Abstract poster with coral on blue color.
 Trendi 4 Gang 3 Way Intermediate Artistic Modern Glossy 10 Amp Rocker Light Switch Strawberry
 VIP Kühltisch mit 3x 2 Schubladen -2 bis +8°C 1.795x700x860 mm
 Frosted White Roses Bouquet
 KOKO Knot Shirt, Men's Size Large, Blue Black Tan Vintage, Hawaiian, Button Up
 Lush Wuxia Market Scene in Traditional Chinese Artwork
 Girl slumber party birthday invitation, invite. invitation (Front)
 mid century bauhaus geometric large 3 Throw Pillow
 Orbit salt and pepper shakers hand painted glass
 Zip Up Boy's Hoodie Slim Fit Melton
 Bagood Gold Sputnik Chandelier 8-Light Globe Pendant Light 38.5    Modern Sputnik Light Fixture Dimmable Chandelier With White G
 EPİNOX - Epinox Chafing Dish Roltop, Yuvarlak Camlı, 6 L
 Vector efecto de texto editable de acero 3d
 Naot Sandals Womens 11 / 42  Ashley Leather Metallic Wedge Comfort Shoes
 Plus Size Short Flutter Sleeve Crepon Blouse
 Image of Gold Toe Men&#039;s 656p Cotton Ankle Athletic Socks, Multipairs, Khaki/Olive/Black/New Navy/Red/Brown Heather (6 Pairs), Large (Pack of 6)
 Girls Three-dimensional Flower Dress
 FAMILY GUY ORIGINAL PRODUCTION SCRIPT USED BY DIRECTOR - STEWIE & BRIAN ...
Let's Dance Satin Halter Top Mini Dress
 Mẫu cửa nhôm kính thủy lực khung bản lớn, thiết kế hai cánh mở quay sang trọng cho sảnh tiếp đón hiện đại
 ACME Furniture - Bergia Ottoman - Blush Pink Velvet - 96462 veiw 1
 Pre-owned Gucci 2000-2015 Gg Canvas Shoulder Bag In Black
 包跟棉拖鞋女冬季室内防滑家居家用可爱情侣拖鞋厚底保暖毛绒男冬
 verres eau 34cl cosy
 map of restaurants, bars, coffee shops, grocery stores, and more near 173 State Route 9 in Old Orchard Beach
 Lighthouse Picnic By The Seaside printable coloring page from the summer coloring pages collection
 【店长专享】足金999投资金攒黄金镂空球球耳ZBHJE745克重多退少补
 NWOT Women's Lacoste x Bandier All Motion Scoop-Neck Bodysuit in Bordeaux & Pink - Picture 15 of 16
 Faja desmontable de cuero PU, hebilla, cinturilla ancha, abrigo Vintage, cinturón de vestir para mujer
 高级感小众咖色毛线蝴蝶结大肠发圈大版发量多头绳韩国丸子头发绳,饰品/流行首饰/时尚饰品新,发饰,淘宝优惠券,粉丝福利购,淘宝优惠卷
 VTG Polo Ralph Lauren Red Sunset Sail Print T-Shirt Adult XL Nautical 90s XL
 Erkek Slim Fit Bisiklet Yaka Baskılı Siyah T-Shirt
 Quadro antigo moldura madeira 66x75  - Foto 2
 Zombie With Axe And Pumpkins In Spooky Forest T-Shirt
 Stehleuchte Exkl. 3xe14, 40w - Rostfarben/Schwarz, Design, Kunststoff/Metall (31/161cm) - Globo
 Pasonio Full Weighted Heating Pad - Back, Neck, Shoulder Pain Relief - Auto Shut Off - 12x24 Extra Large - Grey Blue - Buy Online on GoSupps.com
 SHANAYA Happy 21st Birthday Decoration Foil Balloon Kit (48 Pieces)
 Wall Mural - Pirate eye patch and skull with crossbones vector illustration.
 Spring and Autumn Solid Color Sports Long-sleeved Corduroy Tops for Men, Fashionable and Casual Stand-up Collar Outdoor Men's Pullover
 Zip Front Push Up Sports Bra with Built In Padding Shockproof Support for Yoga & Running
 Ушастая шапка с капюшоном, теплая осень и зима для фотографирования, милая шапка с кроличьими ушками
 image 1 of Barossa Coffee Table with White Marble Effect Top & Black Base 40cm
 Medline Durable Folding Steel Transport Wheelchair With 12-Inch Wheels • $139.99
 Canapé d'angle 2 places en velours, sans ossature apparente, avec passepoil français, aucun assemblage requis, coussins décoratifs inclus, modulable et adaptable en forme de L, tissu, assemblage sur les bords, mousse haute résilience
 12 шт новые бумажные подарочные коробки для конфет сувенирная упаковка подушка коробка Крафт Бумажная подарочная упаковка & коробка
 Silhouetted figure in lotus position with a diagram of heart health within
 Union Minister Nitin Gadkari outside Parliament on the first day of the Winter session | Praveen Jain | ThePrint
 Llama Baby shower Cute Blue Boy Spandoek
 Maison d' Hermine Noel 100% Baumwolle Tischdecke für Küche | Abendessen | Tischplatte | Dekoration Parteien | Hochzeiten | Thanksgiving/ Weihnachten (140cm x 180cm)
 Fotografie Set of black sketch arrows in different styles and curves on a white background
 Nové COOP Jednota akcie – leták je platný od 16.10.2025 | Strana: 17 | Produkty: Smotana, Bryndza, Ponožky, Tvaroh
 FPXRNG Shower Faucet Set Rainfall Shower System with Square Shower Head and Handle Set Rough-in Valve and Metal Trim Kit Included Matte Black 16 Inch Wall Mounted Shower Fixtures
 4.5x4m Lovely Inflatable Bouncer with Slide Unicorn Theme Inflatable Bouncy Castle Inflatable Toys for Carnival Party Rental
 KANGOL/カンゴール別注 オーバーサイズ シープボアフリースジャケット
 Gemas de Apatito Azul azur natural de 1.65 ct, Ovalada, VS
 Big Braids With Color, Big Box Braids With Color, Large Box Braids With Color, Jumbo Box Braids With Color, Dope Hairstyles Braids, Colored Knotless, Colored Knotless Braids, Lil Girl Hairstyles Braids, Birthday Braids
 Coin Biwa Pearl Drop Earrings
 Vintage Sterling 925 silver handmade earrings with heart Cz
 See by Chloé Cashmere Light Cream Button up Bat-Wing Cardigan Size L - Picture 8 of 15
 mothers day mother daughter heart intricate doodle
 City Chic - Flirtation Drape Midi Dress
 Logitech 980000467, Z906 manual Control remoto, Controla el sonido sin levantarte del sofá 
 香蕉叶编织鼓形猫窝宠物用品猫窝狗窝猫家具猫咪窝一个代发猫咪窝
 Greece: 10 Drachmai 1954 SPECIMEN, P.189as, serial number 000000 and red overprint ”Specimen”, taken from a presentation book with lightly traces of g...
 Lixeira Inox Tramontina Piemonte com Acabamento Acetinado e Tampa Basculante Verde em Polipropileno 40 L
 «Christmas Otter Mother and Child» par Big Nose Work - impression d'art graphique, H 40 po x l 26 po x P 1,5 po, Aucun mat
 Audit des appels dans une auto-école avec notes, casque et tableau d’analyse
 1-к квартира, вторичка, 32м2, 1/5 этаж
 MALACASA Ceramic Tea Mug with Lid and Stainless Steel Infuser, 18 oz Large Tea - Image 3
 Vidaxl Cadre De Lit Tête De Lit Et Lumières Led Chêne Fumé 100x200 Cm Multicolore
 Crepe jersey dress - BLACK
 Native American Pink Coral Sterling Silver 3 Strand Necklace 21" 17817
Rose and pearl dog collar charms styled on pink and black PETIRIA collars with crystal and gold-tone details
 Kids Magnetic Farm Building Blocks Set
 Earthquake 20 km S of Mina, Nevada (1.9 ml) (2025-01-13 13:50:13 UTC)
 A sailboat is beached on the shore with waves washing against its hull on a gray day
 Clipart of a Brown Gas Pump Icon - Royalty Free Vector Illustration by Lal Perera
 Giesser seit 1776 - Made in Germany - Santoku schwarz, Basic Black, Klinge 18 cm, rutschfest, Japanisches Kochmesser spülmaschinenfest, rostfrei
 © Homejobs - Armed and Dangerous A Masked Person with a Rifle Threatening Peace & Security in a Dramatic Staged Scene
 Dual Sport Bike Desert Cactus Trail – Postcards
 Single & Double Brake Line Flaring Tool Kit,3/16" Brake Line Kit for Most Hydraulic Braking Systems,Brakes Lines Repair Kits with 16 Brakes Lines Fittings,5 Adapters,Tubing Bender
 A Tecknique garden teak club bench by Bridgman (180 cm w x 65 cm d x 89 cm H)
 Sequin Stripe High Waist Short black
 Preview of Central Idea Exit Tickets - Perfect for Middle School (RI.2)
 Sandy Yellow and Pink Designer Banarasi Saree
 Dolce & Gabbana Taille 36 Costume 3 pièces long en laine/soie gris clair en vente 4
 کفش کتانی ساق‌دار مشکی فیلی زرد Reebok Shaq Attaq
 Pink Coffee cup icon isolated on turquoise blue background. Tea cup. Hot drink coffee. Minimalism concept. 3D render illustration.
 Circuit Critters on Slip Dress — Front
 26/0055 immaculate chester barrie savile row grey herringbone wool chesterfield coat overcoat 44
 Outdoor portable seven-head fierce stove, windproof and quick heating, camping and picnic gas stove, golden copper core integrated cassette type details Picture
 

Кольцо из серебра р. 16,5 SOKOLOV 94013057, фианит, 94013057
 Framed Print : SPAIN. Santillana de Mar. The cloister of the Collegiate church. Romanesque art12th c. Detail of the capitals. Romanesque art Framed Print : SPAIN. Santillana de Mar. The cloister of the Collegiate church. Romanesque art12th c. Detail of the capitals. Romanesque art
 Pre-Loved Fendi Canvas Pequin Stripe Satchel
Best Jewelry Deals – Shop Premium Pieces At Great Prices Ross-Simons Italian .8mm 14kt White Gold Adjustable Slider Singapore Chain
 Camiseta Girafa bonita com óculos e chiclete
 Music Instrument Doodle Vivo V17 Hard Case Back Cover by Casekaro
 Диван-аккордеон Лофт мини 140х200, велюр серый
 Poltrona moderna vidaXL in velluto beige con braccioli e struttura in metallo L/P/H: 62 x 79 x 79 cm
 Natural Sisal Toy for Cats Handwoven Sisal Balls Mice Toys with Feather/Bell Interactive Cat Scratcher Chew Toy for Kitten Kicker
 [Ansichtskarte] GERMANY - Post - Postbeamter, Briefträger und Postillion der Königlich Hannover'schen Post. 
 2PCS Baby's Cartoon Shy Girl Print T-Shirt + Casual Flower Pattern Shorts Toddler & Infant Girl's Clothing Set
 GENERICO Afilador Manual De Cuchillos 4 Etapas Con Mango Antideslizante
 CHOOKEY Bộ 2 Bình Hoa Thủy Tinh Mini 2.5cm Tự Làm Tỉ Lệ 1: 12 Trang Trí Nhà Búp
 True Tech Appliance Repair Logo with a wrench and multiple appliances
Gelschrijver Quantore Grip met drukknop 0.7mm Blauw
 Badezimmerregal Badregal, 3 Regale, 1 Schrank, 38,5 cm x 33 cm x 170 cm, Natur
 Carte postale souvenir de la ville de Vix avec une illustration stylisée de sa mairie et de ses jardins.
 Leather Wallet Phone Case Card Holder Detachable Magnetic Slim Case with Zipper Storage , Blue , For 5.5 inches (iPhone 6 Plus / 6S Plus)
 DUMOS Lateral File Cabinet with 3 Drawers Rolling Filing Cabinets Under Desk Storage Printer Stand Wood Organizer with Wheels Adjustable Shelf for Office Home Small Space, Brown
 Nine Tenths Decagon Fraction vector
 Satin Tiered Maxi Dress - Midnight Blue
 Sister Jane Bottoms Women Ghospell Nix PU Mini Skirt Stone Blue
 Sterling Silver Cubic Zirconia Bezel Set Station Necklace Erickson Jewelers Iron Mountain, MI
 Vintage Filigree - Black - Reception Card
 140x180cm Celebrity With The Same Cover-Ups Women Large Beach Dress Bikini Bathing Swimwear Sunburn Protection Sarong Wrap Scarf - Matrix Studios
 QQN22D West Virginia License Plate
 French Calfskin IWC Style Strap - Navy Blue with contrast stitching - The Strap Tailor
|---|
Starting with the first line of the records, repeat every line up to and including the one containing "包跟棉拖鞋女冬季室内防滑家居家用可爱情侣拖鞋厚底保暖毛绒男冬", and nothing else.

YOUR SOLUTION:
Abstract poster with coral on blue color.
 Trendi 4 Gang 3 Way Intermediate Artistic Modern Glossy 10 Amp Rocker Light Switch Strawberry
 VIP Kühltisch mit 3x 2 Schubladen -2 bis +8°C 1.795x700x860 mm
 Frosted White Roses Bouquet
 KOKO Knot Shirt, Men's Size Large, Blue Black Tan Vintage, Hawaiian, Button Up
 Lush Wuxia Market Scene in Traditional Chinese Artwork
 Girl slumber party birthday invitation, invite. invitation (Front)
 mid century bauhaus geometric large 3 Throw Pillow
 Orbit salt and pepper shakers hand painted glass
 Zip Up Boy's Hoodie Slim Fit Melton
 Bagood Gold Sputnik Chandelier 8-Light Globe Pendant Light 38.5    Modern Sputnik Light Fixture Dimmable Chandelier With White G
 EPİNOX - Epinox Chafing Dish Roltop, Yuvarlak Camlı, 6 L
 Vector efecto de texto editable de acero 3d
 Naot Sandals Womens 11 / 42  Ashley Leather Metallic Wedge Comfort Shoes
 Plus Size Short Flutter Sleeve Crepon Blouse
 Image of Gold Toe Men&#039;s 656p Cotton Ankle Athletic Socks, Multipairs, Khaki/Olive/Black/New Navy/Red/Brown Heather (6 Pairs), Large (Pack of 6)
 Girls Three-dimensional Flower Dress
 FAMILY GUY ORIGINAL PRODUCTION SCRIPT USED BY DIRECTOR - STEWIE & BRIAN ...
Let's Dance Satin Halter Top Mini Dress
 Mẫu cửa nhôm kính thủy lực khung bản lớn, thiết kế hai cánh mở quay sang trọng cho sảnh tiếp đón hiện đại
 ACME Furniture - Bergia Ottoman - Blush Pink Velvet - 96462 veiw 1
 Pre-owned Gucci 2000-2015 Gg Canvas Shoulder Bag In Black
 包跟棉拖鞋女冬季室内防滑家居家用可爱情侣拖鞋厚底保暖毛绒男冬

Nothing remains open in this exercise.